In the end, we decided to use existing letter grades A*-G on the basis that students and their families understand them, and they have a well-understood threshold built in to them at the C grade boundary. Thus students meeting the threshold expectations of our curriculum at each point will be assessed at grade C. Those who exceed it can be graded A*, A or B; those who fall short can be graded D, E, F or G. Each year’s threshold directly correlates to the next year as illustrated in the following table:

AWOL Mapping

In other words, if a student can demonstrate they have met the demands of the Year 8 curriculum by the end of Year 7, they would be graded as B in Year 7. An A* student in Year 7 would be demonstrating the knowledge, skills and processes required of a Key Stage 4 student who had met the C grade threshold.

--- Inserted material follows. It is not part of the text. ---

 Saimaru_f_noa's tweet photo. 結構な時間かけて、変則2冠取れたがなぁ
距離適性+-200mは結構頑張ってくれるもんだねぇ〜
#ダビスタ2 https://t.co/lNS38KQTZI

Mapping the threshold standard onto the curriculum

In our system, for students to have achieved the threshold on entry to the school, they will have to demonstrate that they have met the requirements of the Key Stage 2 National Curriculum in each subject. In time, we will receive this information (at least for English and Maths) from the new Key Stage 2 assessments, but this will not happen until 2016. Therefore we will baseline all students (as we do currently) to assess the extent to which they have met those requirements at the start of Year 7. Any gaps or shortfall will need to be addressed early.

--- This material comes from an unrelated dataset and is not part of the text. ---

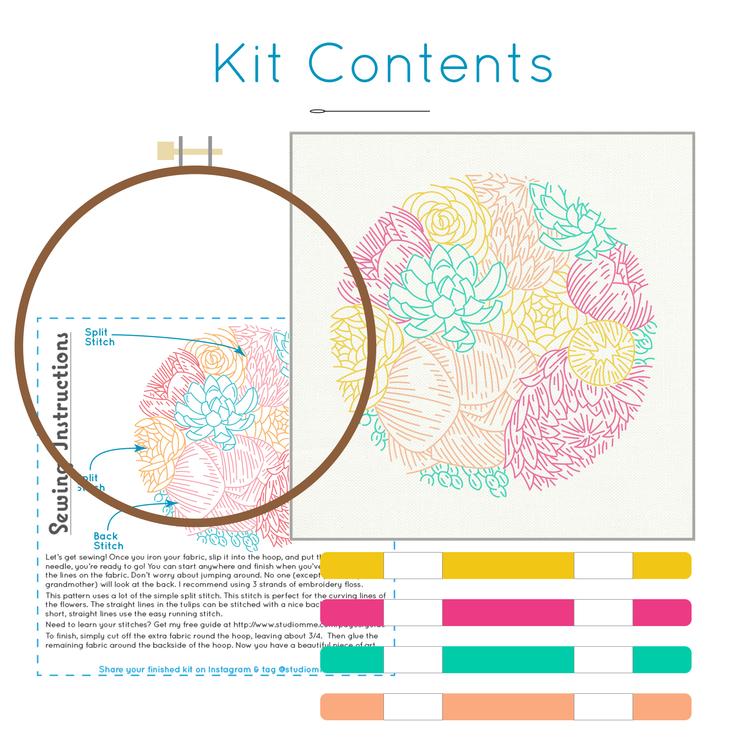 Floral Profusion - PopLush Embroidery - Embroidery Kit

The threshold standard in each year will be decided by the teaching teams within school. It will be informed – but not limited – by the relevant national curriculum requirements, of course, but the guiding principle is that if we are going to value what we assess then we must assess what we value. Therefore the new curriculum that is being designed is based on the key ideas, concepts, knowledge and skills within each subject, informed by the national curriculum, but decided by teachers. At Key Stage 4 the curriculum will, of course, incorporate the examined elements of the KS4 programme of study or examination specification but will not be limited by that. Our best students go beyond and around the specifications anyway – and so should we. If we are going to prepare our students to do well at GCSE we should be teaching them beyond GCSE in Year 11, so the terminal exams they sit seem like a walk in the park in comparison to what they have been doing in the classroom.

Tracking progress in the new assessment system

We already use a flight paths model to track progress in all subjects. Within the new system, tracking progress is even easier.

AWOL Progress

In the example above, a student is assessed at C on baseline and maintains that performance through Year 7 and 8 (the green highlighting). We should expect all students to maintain their performance through the curriculum, but challenge them to improve it. In Year 9, the table above illustrates what happens if a students improves their performance (the orange highlighting), leading to better than expected GCSE outcomes, and what happens if they do not make progress through the year (the red highlighting), leading to an under-performance at GCSE.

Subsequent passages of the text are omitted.